Quand on est entraîneur, c‘est toujours difficile de se dire “qu’est ce qu’un bon coach”. Du tac au tac, on peut dire que c’est celui qui a des résultats. Mais cela ne se limite pas à cela. C’est aussi une personne qui a un bon contact humain avec les gens qu’il s’occupe. On ne peut pas arriver à de bons résultats s’il n’y a pas une complicité à l’entraînement. C’est un respect mutuel qui se crée. Si je prends l’exemple d’Alexis Miellet [NDLR : coureur de 1500m, demi-finaliste des mondiaux de Doha], il a énormément de respect pour moi et c’est réciproque.

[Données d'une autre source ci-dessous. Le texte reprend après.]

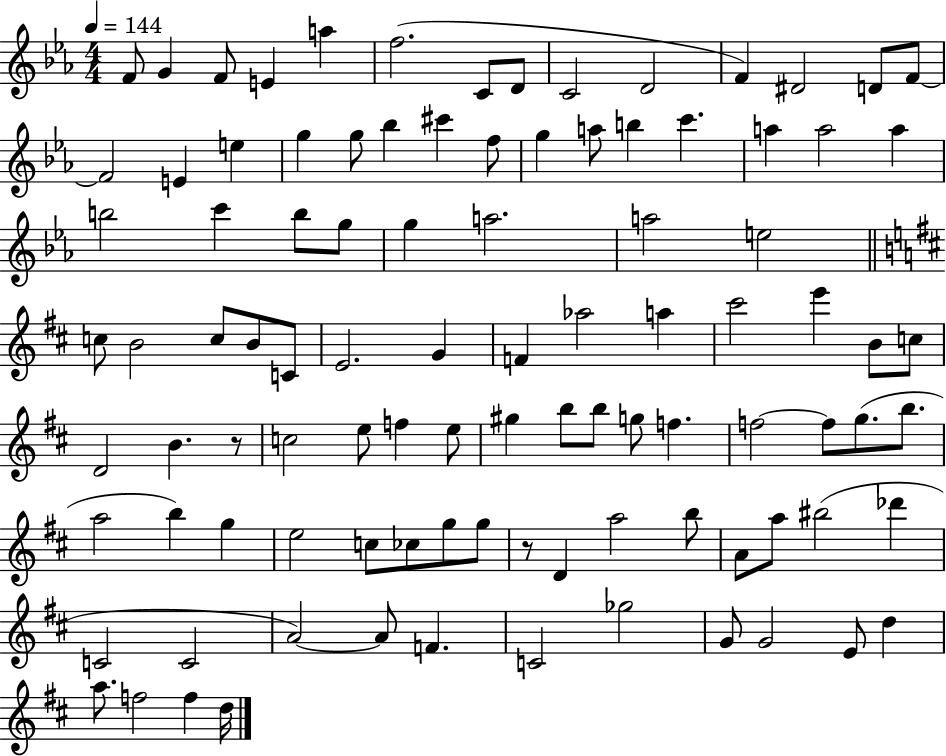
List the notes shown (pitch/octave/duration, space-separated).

F4/e G4/q F4/e E4/q A5/q F5/h. C4/e D4/e C4/h D4/h F4/q D#4/h D4/e F4/e F4/h E4/q E5/q G5/q G5/e Bb5/q C#6/q F5/e G5/q A5/e B5/q C6/q. A5/q A5/h A5/q B5/h C6/q B5/e G5/e G5/q A5/h. A5/h E5/h C5/e B4/h C5/e B4/e C4/e E4/h. G4/q F4/q Ab5/h A5/q C#6/h E6/q B4/e C5/e D4/h B4/q. R/e C5/h E5/e F5/q E5/e G#5/q B5/e B5/e G5/e F5/q. F5/h F5/e G5/e. B5/e. A5/h B5/q G5/q E5/h C5/e CES5/e G5/e G5/e R/e D4/q A5/h B5/e A4/e A5/e BIS5/h Db6/q C4/h C4/h A4/h A4/e F4/q. C4/h Gb5/h G4/e G4/h E4/e D5/q A5/e. F5/h F5/q D5/s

Et au-delà du respect, il doit y avoir également une complicité, qui n’est pas que sur la piste. Un entraîneur doit connaître la personnalité de son athlète. Alexis je le connais depuis qu’il est tout petit. Avant d’être son coach, je suis l’ami de son père. On faisait des activités en commun et le “petit” était toujours là. Quand il a voulu passer à la vitesse supérieure, il a dit : “C’est Rémy qui m’entraînera”.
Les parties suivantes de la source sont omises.